Civilization differences[edit | edit source]

  • As seen above, the French and Germans can upgrade Skirmishers to Royal Guard and Imperial Guard levels.
  • While the British cannot train Skirmishers, they can ship 26 Guard Skirmishers through Roger's Rangers.
  • Dutch Skirmishers can be trained from the Commerce Age; they will be automatically upgraded to the Veteran level once the player reaches the Fortress Age.
  • John Black's Mercenaries can only upgrade Skirmishers to the Guard level.
  • United States can upgrade Skirmishers to the Imperial level.
  • Chinese and Indians can get Skirmishers by allying with British and Germans at the Consulate, which provides armies and shipments that includes Skirmishers (named Roger's Ranger for the British, Prussian Needle Gun for the Germans) listed below. These Skirmishers start with +10% hit points and attack than their regular counterpart, and are automatically upgraded in every Age starting from the Fortress Age (see here for the exact values).

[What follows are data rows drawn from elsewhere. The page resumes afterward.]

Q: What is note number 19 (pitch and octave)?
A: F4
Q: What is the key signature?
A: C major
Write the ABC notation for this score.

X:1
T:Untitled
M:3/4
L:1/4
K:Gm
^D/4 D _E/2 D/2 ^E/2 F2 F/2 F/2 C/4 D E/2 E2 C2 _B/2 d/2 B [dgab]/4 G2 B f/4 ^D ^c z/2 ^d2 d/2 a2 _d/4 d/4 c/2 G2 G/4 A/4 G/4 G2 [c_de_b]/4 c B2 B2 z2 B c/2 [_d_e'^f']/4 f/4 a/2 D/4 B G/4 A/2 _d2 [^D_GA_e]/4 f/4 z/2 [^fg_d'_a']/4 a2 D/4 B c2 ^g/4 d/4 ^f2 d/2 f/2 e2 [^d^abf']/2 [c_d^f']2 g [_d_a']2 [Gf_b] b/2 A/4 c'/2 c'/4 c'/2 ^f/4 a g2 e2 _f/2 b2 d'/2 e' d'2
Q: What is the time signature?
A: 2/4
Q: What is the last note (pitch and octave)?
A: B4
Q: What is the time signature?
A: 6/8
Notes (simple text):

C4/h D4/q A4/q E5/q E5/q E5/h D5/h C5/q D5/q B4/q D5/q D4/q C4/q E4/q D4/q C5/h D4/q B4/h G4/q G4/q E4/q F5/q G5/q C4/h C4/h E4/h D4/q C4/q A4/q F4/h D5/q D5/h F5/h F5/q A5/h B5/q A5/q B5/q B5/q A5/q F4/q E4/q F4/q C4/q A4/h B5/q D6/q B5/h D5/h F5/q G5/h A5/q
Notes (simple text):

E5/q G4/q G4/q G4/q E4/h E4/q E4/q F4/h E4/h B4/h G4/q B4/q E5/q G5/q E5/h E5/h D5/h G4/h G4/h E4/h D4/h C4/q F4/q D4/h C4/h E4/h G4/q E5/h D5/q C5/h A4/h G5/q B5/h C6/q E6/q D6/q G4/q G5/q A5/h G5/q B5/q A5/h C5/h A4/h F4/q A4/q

Revolution[edit | edit source]

Further statistics[edit | edit source]

Unit strengths and weaknesses
Strong vs. Heavy infantry, light cavalry, Eagle Runner Knights
Weak vs. Heavy cavalry, Coyote Runners, artillery
Improvements
Hit points Flint lock.png Flint Lock (+10%)
Thin Red Line.png Thin Red Line (+20%, British only)
Grand Encampment.png Grand Encampment (+25%, United States only)
Cree Tanning.png Cree Tanning (+5%)
Navajo Weaving.png Navajo Weaving (+5%)
Attack Counter Infantry Rifling.png Counter Infantry Rifling (+1.0x multiplier vs. heavy infantry)
Paper cartridge.png Paper Cartridge (+15%)
Iroquois lacrosse.png Iroquois Lacrosse (+10%, vanilla Age of Empires III only)
Yoga.png Yoga (+5%)
Smokeless Powder.png Smokeless Powder (+30% siege attack)
Clenched Fist.png Clenched Fist (+30% melee attack)
Speed Military Drummers.png Military Drummers (+10%)
Tillys Discipline.png Tilly's Discipline (+20%, Germans only)
Inca Road-building.png Incan Road-building (+20%)
Apache Endurance.png Apache Endurance (+5%)
Sight Town Watch.png Town Watch (+2)
Creation speed Standing Army.png Standing Army (-25%)
Inca Chaquis Messengers.png Incan Chasquis Messengers (-25%)
Train cost Mapuche Ad-mapu.png Mapuche Ad-mapu (-10% coin cost)
Other Rogers Rangers.png Roger's Rangers (ships 26 Guard Skirmishers, British only)
Merritocracy.png Meritocracy (-20% upgrade cost)
Penalties Coffee Trade.png Coffee Trade (-10% speed, Dutch only)
Tillys Discipline.png Tilly's Discipline (+10% cost, Germans only)
Grand Encampment.png Grand Encampment (-25% speed, United States only)

Home City Cards[edit | edit source]

Changelog[edit | edit source]

Definitive Edition[edit | edit source]

  • Fixed a bug where the Skirmisher starts at the Veteran level instead of Guard when the player starts a Post-Industrial Age match as the Dutch.

Trivia[edit | edit source]

  • Finnish Skirmishers are named after the Karelians, who inhabited the namesake region once contested between Finland and Russia.
  • French Royal Guard Skirmishers are named after the Voltigeurs.
  • German Royal Guard and Consulate Skirmishers are named after the Dreyse needle gun they use.

History[edit | edit source]

Skirmishers were lightly armed and armored riflemen who used their speed to move quickly about the battlefield and perform a number of military roles. They defended flanks, helped artillerymen with cannon, dragged wounded soldiers off of the battlefield, and performed hit-and-run attacks on advancing enemy armies. Napoleonic-era skirmishers were effective against rigid ranks of musketeers because the fire of musketeers was less effective on the loose, informal skirmisher lines.

Many skirmishers in the nineteenth century were armed with rifles; the range and accuracy of these weapons made skirmishers dangerous enemies. Early rifles could only be fired once every minute or two, though later breechloading and repeating models could fire much more rapidly. One model fired so fast, a commander ordered his men to focus their fire on a single enemy skirmisher so that they could recover his rifle to examine it.